Indian equity benchmarks declined on Friday, snapping an eight-day bull run and a record-breaking closing streak of six consecutive days as investors took a breather and protected profits ahead of a key US jobs report, which indicated signs on the Federal Reserve’s tapping could give clues. Its aggressive rate hike plan.
The BSE Sensex index closed 415.69 points, or 0.66 per cent, lower at 62,868.50, and the broader NSE Nifty index fell 116.40 points, or 0.62 per cent, to close at 18,696.10.
Nevertheless, the Nifty has gained 3.6 per cent in the last eight sessions and ended with gains for the second straight week on Friday.
“Nifty futures outperformed its global peers and tested close to 19,000 level this week. However, in the short term, it is showing clear signs of exhaustion, with lagging sectors like IT now rising and banks underperforming. are,” said Rudra Murthy BV, Head of Research at Vachana Investments.
“It is expected that market will see some profit booking in coming week. Nifty may test 18,400 to 18,600 support zone before next big move. Local trigger comes from Gujarat election results which will come on 8th December.”
Both benchmarks posted eight consecutive days of gains after they ended the previous session at record highs, marking the sixth straight day of closing at all-time highs.
Sensex and Nifty have closed at new highs every day since the record-breaking rally started on Friday last week.
Despite foreign institutional investors (FIIs) selling shares worth 1,565.93 crore on Thursday, turning into profits, capital inflows have remained strong in November as the Federal Reserve indicated to slow down the pace of its rapid rate hike.
But bulls were restrained on Friday ahead of US non-farm payrolls data, which was to be released later after Wall Street equities closed lower overnight on Thursday.

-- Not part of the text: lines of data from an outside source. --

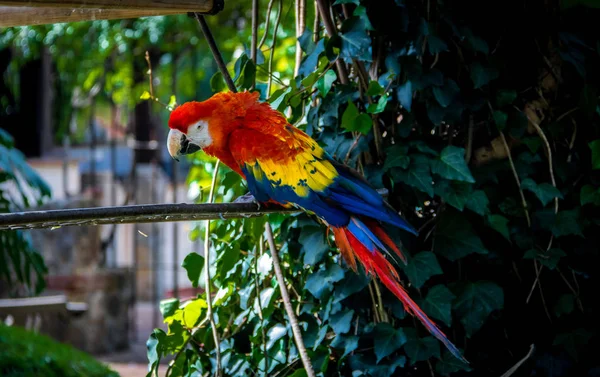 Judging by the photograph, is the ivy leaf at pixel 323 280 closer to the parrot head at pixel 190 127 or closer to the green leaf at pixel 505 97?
the parrot head at pixel 190 127

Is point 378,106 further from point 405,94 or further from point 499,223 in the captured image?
point 499,223

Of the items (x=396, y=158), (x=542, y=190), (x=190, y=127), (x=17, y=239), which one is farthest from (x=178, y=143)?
(x=17, y=239)

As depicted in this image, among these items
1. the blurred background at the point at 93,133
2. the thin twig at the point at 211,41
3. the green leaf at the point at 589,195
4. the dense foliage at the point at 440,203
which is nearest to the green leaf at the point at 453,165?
the dense foliage at the point at 440,203

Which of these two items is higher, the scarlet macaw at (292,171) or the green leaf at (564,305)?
the scarlet macaw at (292,171)

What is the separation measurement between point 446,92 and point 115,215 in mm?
787

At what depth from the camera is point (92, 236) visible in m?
4.93

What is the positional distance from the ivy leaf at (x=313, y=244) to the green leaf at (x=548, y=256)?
17.8 inches

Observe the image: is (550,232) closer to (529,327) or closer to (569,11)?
(529,327)

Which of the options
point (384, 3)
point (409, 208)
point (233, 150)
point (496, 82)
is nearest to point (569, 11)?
point (496, 82)

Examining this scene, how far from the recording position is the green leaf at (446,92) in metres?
1.48

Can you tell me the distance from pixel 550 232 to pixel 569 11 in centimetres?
52

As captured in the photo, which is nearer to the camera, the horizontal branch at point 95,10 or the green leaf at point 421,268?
the horizontal branch at point 95,10

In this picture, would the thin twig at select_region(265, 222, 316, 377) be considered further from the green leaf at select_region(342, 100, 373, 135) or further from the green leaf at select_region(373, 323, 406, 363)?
the green leaf at select_region(342, 100, 373, 135)

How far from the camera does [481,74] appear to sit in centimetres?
151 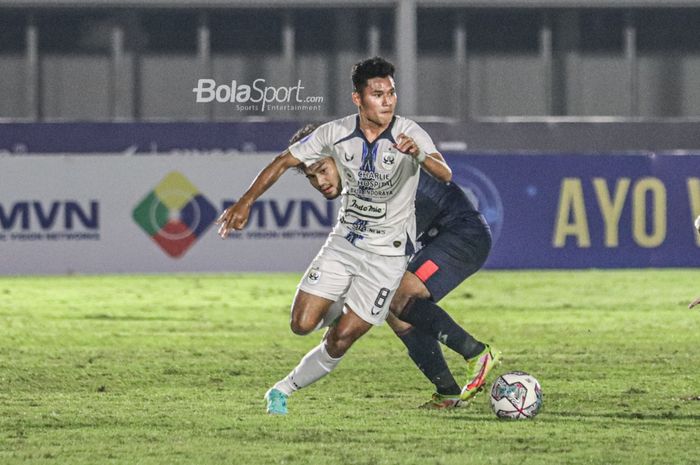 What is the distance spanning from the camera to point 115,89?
30.5 metres

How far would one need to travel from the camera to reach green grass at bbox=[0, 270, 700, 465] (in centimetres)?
730

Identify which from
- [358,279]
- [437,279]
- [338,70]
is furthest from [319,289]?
[338,70]

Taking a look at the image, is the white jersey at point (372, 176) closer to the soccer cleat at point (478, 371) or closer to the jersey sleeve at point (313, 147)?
the jersey sleeve at point (313, 147)

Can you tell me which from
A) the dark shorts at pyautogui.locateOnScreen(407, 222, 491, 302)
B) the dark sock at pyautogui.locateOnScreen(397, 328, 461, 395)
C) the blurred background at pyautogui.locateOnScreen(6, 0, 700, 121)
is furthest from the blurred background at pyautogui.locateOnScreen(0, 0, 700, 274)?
the dark sock at pyautogui.locateOnScreen(397, 328, 461, 395)

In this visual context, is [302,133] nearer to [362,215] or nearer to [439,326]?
[362,215]

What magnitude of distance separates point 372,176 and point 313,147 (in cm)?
34

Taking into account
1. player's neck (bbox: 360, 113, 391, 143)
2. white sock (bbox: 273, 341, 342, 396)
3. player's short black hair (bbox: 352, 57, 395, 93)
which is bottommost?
white sock (bbox: 273, 341, 342, 396)

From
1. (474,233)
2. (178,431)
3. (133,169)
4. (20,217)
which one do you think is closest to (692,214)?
(133,169)

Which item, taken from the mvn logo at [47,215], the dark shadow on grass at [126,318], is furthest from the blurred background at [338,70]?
the dark shadow on grass at [126,318]

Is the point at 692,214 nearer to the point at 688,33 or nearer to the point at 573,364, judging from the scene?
the point at 573,364

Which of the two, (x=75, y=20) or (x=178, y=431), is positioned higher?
(x=75, y=20)

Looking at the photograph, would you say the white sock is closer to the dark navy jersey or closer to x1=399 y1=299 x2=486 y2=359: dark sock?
x1=399 y1=299 x2=486 y2=359: dark sock

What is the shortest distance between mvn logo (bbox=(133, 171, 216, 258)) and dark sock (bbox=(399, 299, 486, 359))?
418 inches

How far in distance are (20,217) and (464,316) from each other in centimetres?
632
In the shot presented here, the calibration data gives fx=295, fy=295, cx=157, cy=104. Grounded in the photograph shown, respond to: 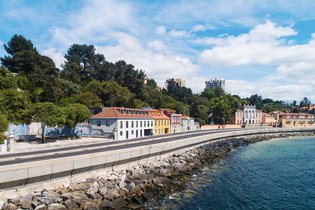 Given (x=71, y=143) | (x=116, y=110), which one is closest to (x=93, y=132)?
(x=116, y=110)

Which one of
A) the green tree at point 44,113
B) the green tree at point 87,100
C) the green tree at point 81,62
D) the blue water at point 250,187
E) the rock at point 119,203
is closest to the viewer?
the rock at point 119,203

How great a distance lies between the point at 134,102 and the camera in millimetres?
90250

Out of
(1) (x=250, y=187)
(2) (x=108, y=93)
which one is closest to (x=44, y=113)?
(1) (x=250, y=187)

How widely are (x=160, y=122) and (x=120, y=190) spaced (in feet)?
164

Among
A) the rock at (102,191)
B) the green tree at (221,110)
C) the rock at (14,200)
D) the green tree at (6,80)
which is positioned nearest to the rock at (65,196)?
the rock at (102,191)

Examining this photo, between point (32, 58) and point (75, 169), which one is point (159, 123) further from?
point (75, 169)

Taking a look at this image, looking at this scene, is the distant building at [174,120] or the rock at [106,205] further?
the distant building at [174,120]

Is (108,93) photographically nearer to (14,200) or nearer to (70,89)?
(70,89)

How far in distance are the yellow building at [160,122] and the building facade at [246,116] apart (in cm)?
5778

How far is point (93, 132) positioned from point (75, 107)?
7781 millimetres

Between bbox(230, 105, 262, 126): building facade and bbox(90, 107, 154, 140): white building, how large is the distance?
7590cm

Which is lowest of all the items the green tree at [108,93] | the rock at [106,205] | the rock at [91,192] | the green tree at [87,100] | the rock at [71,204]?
the rock at [106,205]

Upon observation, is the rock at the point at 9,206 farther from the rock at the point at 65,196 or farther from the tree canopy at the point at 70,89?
the tree canopy at the point at 70,89

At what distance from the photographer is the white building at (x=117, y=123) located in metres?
56.8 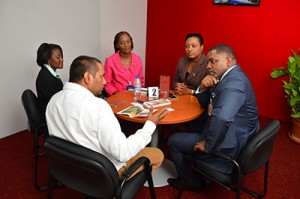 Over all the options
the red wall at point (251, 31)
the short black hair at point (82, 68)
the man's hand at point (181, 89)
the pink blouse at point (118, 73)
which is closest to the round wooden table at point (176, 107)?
the man's hand at point (181, 89)

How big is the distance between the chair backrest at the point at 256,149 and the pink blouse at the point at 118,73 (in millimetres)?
1877

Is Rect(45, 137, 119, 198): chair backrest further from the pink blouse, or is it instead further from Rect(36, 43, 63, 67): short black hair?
the pink blouse

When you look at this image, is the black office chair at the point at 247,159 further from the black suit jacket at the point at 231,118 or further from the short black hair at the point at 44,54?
the short black hair at the point at 44,54

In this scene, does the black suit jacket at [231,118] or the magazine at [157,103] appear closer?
the black suit jacket at [231,118]

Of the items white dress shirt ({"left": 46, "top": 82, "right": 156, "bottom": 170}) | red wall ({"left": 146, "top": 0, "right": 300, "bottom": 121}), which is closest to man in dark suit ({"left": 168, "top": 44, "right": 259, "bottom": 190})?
white dress shirt ({"left": 46, "top": 82, "right": 156, "bottom": 170})

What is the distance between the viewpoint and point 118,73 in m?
3.10

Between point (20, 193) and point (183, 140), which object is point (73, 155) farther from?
point (20, 193)

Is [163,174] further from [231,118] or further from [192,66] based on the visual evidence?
[192,66]

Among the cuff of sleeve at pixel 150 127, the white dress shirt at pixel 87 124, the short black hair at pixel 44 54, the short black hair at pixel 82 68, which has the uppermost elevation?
the short black hair at pixel 82 68

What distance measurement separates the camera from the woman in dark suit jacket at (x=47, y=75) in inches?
89.4

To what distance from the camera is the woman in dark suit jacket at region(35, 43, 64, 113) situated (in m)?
2.27

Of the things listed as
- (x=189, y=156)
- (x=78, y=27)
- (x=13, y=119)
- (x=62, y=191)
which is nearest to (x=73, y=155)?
(x=189, y=156)

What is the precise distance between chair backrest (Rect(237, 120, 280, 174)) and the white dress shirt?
0.70 metres

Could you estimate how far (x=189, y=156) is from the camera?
78.1 inches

Anita Gandhi, director, Arihant Capital Markets, said, “Investors are booking some profits after the recent rally. There is a shift from expensive stocks to value stocks at higher valuations.
As traders awaited monthly US jobs data for hints on upcoming policy moves from the Federal Reserve, global equities were on the defensive on Friday, stabilizing after recent big gains.

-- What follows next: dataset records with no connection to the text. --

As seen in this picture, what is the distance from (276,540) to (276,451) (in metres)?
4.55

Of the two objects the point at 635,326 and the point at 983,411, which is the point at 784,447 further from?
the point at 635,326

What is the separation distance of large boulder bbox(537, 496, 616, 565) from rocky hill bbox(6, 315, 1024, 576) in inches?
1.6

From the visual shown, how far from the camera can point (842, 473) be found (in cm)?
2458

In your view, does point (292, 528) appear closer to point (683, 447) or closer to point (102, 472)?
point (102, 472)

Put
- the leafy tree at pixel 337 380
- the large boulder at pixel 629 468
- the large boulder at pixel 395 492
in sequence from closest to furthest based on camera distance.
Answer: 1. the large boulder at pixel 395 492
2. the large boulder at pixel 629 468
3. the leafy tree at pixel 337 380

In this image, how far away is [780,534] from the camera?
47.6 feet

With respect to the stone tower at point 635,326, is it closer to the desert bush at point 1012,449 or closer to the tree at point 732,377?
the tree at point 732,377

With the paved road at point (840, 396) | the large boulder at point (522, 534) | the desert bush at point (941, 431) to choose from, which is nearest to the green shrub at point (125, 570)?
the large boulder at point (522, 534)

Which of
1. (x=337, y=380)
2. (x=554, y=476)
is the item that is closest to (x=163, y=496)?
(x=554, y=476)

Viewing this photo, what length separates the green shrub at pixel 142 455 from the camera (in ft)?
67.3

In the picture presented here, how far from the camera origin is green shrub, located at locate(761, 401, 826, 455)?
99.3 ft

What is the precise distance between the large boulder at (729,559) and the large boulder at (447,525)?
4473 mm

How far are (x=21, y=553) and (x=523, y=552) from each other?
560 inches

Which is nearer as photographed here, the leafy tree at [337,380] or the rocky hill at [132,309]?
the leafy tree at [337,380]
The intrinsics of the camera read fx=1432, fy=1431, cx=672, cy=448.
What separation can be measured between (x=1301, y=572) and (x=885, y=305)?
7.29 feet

After two days of gains that put it on course for a seven-week winning streak, Europe’s Stoxx 600 index opened lower, while S&P 500 and Nasdaq 100 futures declined.

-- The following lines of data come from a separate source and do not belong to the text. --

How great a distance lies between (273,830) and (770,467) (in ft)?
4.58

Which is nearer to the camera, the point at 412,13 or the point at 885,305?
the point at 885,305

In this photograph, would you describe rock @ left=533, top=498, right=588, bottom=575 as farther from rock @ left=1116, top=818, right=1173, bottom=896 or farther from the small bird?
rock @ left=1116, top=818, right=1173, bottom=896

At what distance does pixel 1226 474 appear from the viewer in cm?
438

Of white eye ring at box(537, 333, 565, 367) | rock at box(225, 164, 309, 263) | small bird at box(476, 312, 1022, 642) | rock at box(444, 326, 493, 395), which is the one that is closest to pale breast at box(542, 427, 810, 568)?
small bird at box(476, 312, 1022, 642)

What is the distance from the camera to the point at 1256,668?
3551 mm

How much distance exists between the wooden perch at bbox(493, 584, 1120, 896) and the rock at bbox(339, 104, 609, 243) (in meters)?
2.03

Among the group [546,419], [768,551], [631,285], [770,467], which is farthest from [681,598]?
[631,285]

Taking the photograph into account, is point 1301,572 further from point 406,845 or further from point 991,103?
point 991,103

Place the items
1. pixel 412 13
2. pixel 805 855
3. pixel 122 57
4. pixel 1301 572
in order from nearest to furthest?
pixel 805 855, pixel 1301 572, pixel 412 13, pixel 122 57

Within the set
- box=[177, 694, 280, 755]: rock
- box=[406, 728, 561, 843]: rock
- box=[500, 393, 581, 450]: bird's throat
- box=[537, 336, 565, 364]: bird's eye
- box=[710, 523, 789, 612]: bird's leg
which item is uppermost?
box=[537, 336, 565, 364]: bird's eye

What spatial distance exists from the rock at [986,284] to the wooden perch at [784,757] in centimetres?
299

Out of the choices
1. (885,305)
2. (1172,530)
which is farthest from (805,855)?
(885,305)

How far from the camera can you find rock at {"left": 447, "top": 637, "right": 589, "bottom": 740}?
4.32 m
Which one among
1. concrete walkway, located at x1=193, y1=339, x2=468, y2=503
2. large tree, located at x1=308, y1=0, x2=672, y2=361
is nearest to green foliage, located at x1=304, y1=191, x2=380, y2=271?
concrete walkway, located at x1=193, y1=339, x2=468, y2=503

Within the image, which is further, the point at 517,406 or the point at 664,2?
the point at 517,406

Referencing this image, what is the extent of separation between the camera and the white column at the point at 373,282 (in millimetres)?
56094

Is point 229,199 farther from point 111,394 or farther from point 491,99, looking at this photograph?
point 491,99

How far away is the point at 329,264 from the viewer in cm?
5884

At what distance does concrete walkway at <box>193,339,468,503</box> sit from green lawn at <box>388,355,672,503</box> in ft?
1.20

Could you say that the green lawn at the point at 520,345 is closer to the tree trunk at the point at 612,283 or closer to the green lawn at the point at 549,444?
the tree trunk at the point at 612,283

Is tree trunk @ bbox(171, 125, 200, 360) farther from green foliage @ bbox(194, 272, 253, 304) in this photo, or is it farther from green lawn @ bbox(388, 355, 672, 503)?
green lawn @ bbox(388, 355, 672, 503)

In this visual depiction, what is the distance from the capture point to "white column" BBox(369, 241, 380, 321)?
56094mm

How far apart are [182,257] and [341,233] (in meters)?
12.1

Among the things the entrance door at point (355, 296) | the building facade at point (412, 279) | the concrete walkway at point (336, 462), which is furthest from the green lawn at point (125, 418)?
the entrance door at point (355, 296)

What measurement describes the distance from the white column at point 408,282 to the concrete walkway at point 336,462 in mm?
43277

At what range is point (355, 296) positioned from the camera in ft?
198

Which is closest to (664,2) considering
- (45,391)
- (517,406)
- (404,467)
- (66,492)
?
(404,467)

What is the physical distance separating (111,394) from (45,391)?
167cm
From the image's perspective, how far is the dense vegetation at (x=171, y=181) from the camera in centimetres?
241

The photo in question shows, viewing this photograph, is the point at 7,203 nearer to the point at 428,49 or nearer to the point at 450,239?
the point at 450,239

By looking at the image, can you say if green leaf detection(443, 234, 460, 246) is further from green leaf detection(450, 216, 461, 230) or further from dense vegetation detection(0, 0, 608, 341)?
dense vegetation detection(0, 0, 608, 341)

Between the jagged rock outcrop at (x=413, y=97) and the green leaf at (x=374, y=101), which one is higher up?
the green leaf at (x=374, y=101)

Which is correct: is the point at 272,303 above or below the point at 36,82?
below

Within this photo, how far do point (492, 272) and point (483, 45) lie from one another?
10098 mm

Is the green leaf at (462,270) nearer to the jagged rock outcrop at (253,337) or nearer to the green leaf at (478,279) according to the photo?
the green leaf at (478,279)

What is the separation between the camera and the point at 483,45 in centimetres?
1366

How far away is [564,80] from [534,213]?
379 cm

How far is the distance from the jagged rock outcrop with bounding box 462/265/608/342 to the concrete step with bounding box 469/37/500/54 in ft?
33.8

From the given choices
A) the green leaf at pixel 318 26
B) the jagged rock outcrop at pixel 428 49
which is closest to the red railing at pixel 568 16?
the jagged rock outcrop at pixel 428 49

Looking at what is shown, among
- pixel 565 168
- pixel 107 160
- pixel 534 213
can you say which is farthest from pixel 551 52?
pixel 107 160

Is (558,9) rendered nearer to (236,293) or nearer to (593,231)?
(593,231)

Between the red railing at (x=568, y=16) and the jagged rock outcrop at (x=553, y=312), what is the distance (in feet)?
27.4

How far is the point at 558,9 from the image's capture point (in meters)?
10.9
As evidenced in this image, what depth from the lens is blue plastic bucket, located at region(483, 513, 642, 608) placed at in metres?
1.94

A measure of Asian shares fell for the first time in four days, with a five-day rally in the yen led by Japan adding to the downward pressure on stocks.
“The consensus is a recession is coming, but equities may not bottom out before they start, inflation won’t fall quickly, so central banks may not blink, China reopening,” said Emmanuel Cau, strategist at Barclays Plc. There will be a messy process and Europe will remain difficult.” ,
Concerns about a recession grew after data released on Thursday showed global factory activity contracted in November, with US manufacturing declining for the first time since May 2020.
The time has come for a back rate hike, according to Fed Chair Jerome Powell, who said that “slowing down at this point is a good way to balance risks.”
As US data reached a deflationary point in addition to Mr Powell’s overall dovish comments over the past few days, analysts at Commerzbank concluded there was sufficient justification for pricing in an aggressive rate hike.
Meanwhile, the Chinese yuan rose and was set for its biggest weekly gain since China revaluation of the currency in 2005, on hopes of an exit from China’s zero-COVID policy and an interest rate hike from the Fed. was increased slowly.